Entries below include pictures. Output exactly the lines from the one with "2010 KAWASAKI KX450F MOTOCROSS" down to the one with "Cara Membersihkan Tangki Motor yang Kotor", both ends included, and leave the pictures out.

**Supplied records:**
----

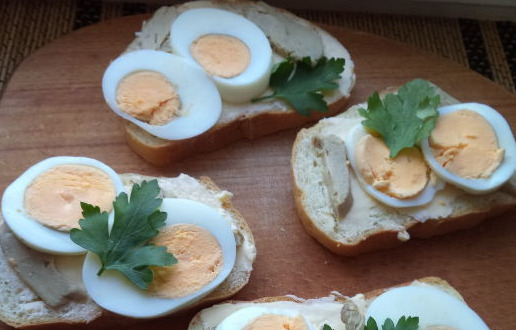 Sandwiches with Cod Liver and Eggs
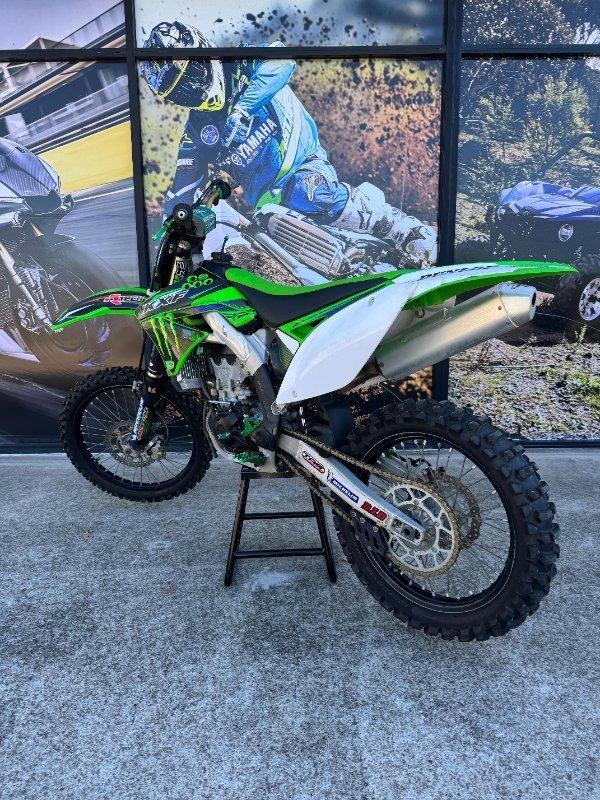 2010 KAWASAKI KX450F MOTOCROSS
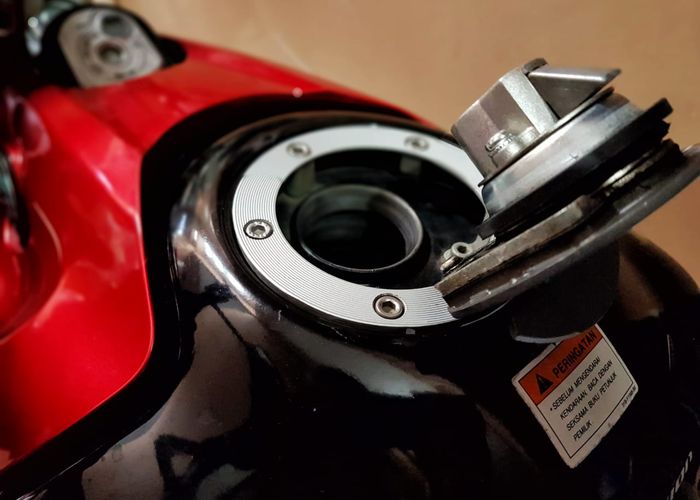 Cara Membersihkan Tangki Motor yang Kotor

----

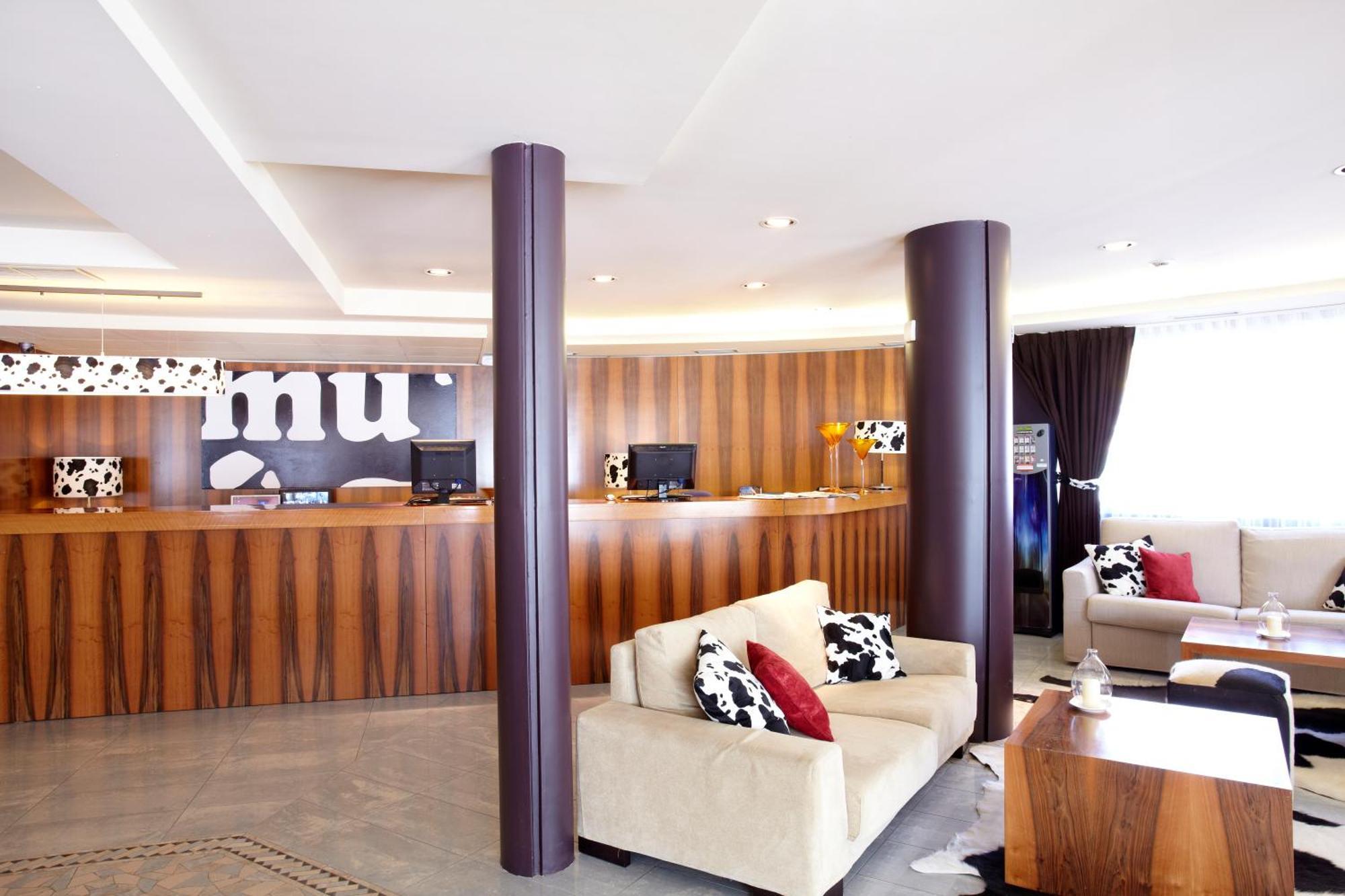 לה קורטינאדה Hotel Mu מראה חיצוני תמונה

----

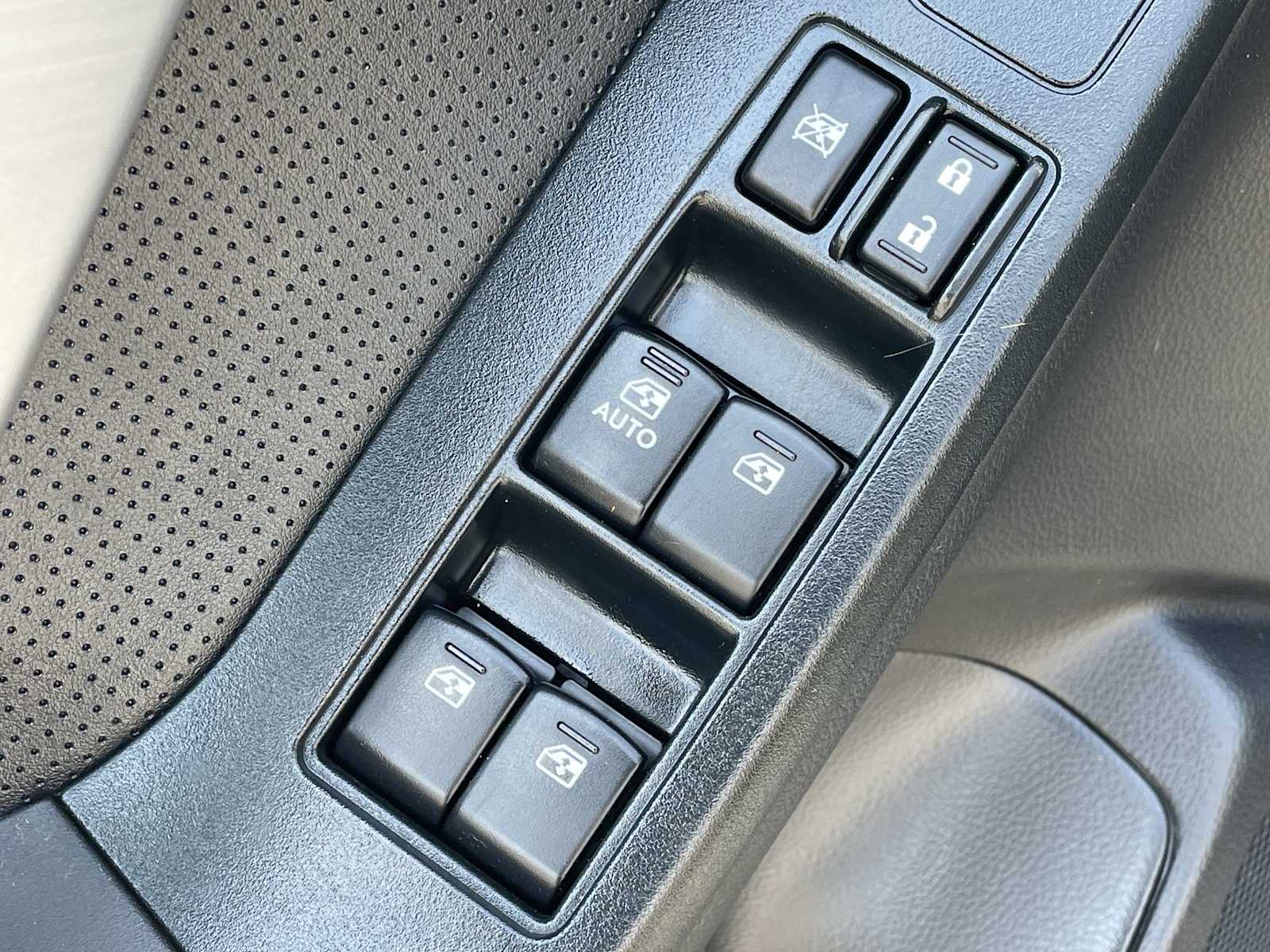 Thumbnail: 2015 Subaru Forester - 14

----

**Task solution:**
 2010 KAWASAKI KX450F MOTOCROSS
 Cara Membersihkan Tangki Motor yang Kotor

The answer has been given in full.